Symphobia - No legato and dated bombastic hollywood again
Sameplemodelling - FANTASTIC, But I can't for the life of me get a decent ensemble sound out of them

The end. Sorry if im not as amazing as everyone else.


----------



## Symfoniq (Jul 23, 2013)

I recently acquired Dimension Brass, and am still learning the ropes. I think it was a great purchase, but I don't get the sense it was designed to be a core brass library. It's more of a supplement to VSL's original brass libraries, allowing you to write divisi parts for brass ensembles more easily and convincingly.

Cinebrass is the only potential "go-to" brass library I can think of that you don't already own. But the cost for Cinebrass Core and Pro isn't substantially less than upgrading your VSL brass libraries to full versions, so if the cost of rounding out your VSL libraries is too much to contemplate, I'm not certain that Cinebrass is a panacea.


----------



## BenG (Jul 23, 2013)

Maybe you can explain a bit better of what you are looking for. Something soft and expressive, loud and clean, more articulations, etc. 

I.e. What exactly are you not happy with?

The only other options atm would Chris Hein Horns and Cinebrass. And so to be added are Spitfire BML and OT Berlin Brass. 

In any case, I cannot suggest anything as I do not know what you like or are lacking.


----------



## MarkS_Comp (Jul 23, 2013)

How the hell do you take that as being talked down to??? I used the words "With respect" *for a reason*. Why is it that nobody can say things like, "maybe it's you" without getting railed? I said nothing wrong here. Nothing. Do you want people to just butter up to you, and sugar coat everything?

The fact is, we ALL were at a point were we didnt know what real instruments sounded like. We ALL were at a point were we didnt know how to get the most out of our tools. Nothing wrong with it; everyone has to start somewhere. Are you any different? 

_HB - Bombastic hollywood very 1 dimensional and some legato patches sound awful and its a head F to use _

I agree it's a bit on the bombastic side. But that's the intention - it's intended to be used in orchetral soundtracks and trailer scores. I completely disagree that it is 1 dimensional - that's just rediculous. Some legato patches need work, but I dont think they sound awful. You can turn down the legato transitions - I find that that helps some. Try keeping the modwheel down a bit, so youa rent playing the upper ff range. Less bombastic that way.

It might be a good idea to say what it is you are after, and what type of music you are doing that you need brass for.
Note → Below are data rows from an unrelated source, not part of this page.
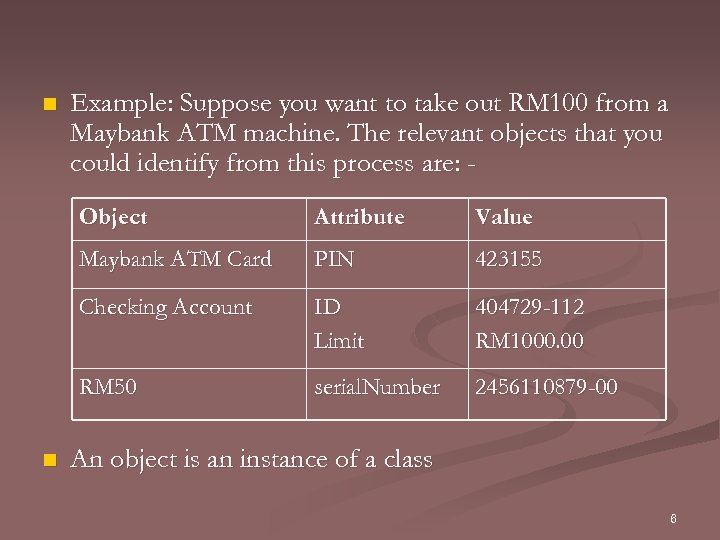 n Example: Suppose you want to take out RM 100 from a Maybank ATM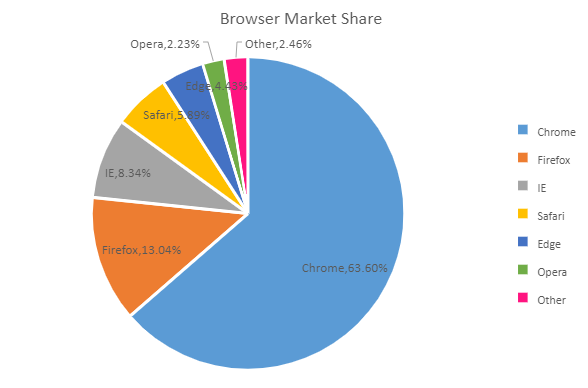 Pie chart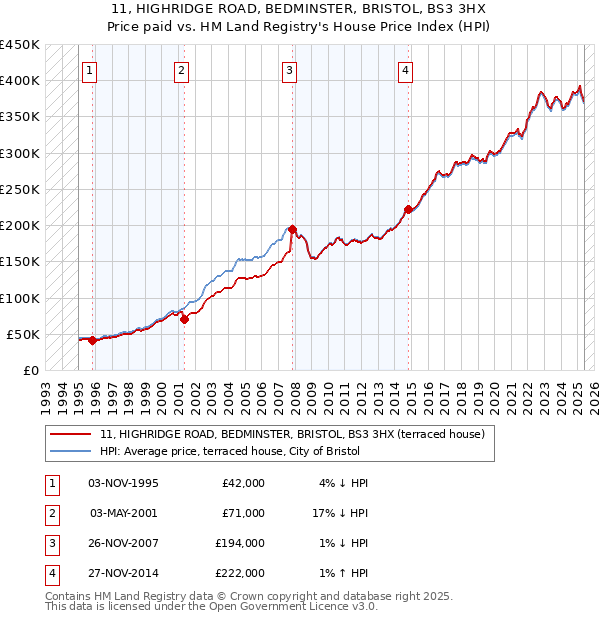 11, HIGHRIDGE ROAD, BEDMINSTER, BRISTOL, BS3 3HX: Price paid vs HM Land Registry's House Price Index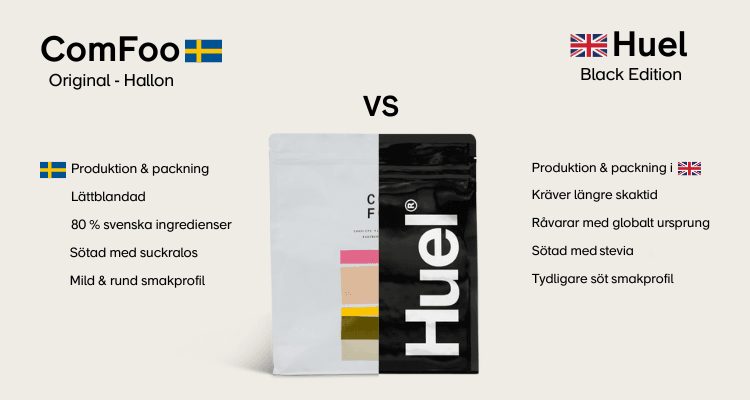 Huel vs ComFoo: jämförelse av måltidsersättningar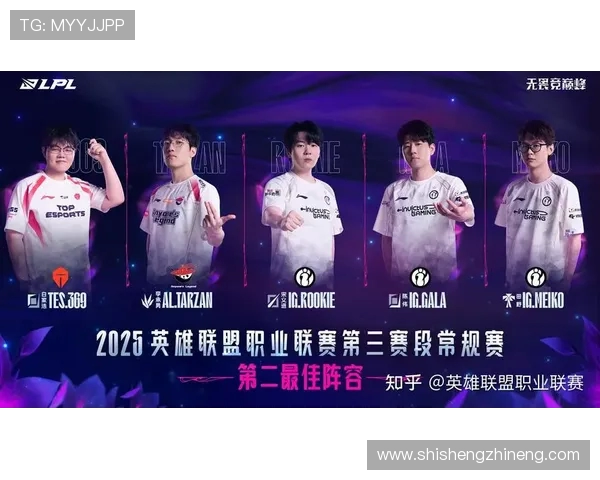 2025年LPL赛季新动向探析：战队阵容调整与赛场竞争激烈化趋势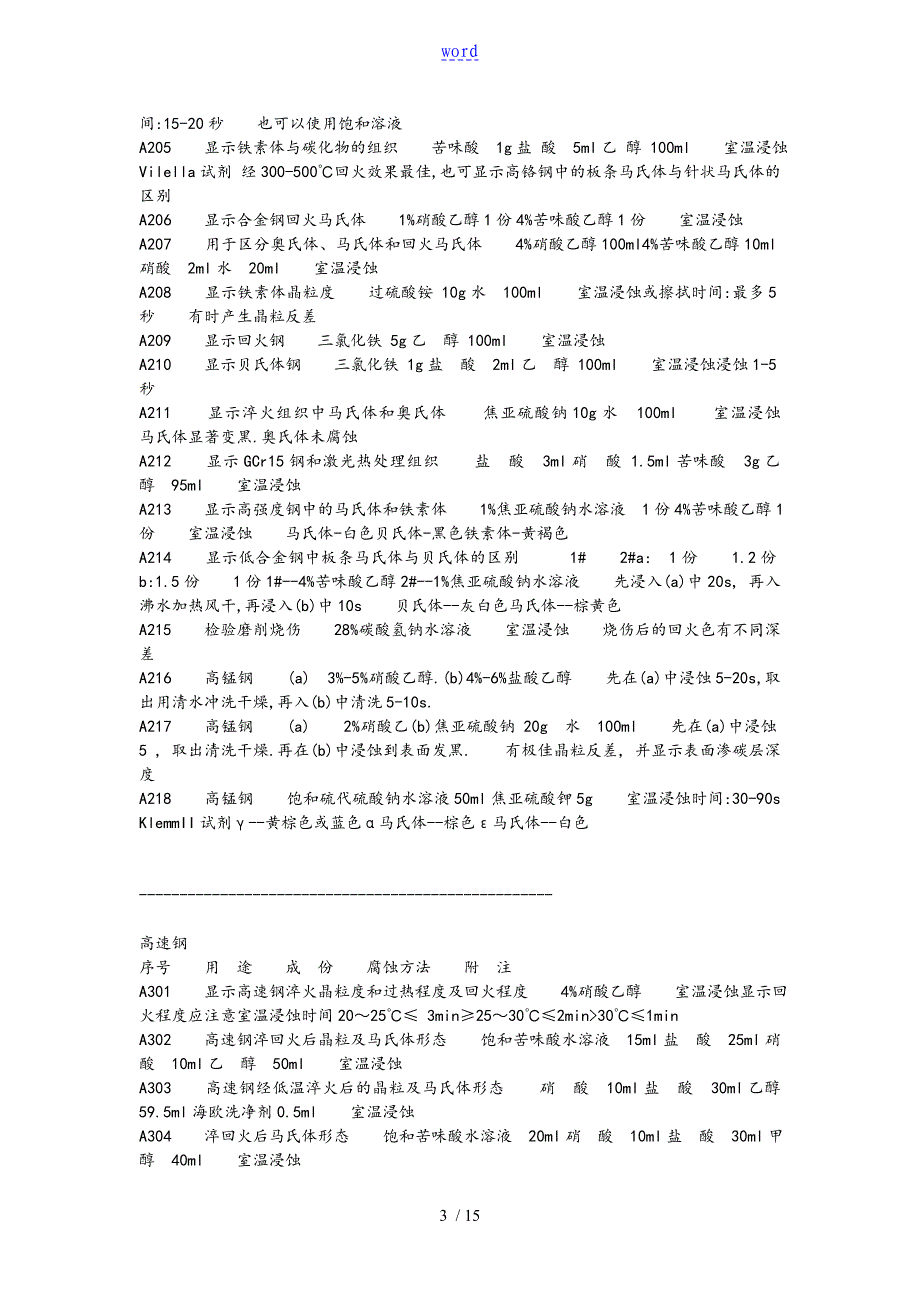 常用金相腐蚀剂_第3页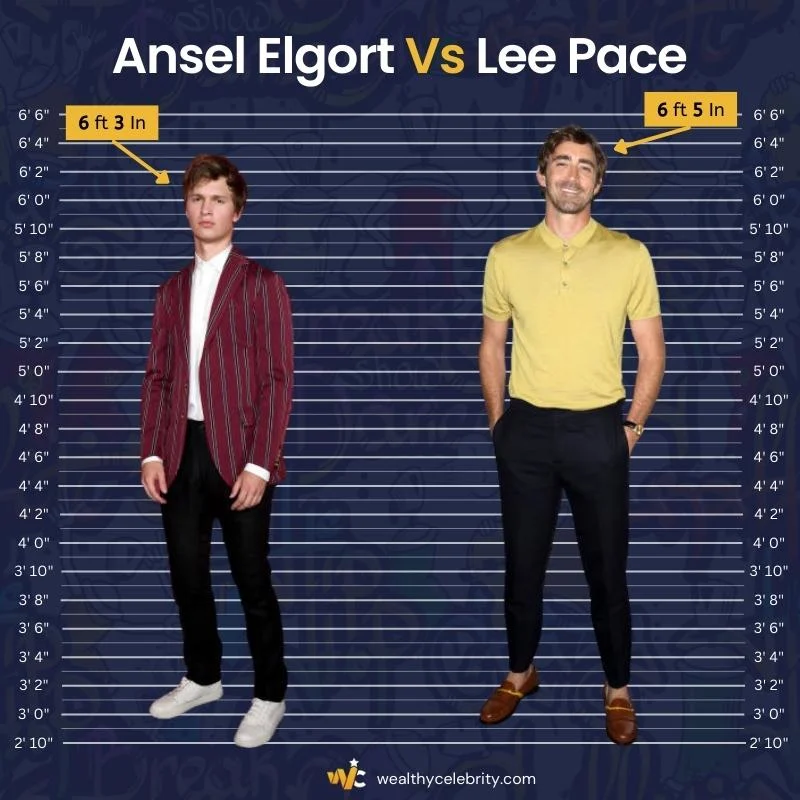 Ansel Elgort Height Vs Lee Pace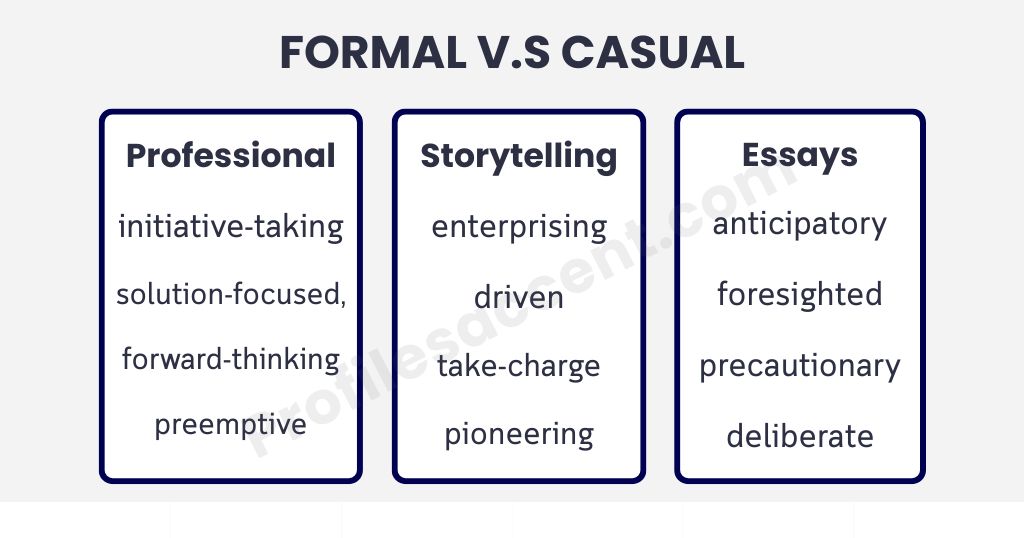 Proactive Synonyms by Writing Context: Formal, Professional, and Casual
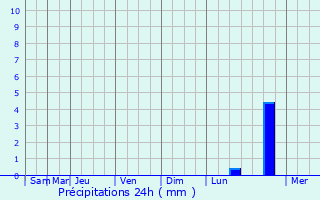Graphique des précipitations prvues pour Poronaysk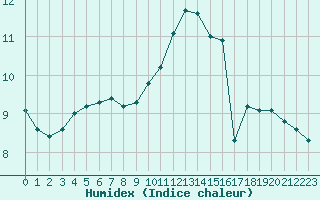 Courbe de l'humidex pour Sarzeau (56)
Without that, how do you expect anyone to be able to help you?


----------



## MarkS_Comp (Jul 23, 2013)

BenG @ Tue Jul 23 said:


> And so to be added are Spitfire BML



Good suggestion - I didnt orignally think of that. Is that evenout yet? Great sounding demos - smaller sections, not as "bombastic".


----------



## Maestro77 (Jul 23, 2013)

If you're open to ensembles then I might suggest Spitfire Albion. If you prefer sections, I'd go with Cinebrass. Those are my "go-to's." Both companies offer free updates from time to time so you'll be sure to always have the latest features.


----------



## Saxer (Jul 23, 2013)

what about stacking your libs? i do that often: cinebrass oder symphobia with a good first horn/trombone/trumpet from samplemodelling works great!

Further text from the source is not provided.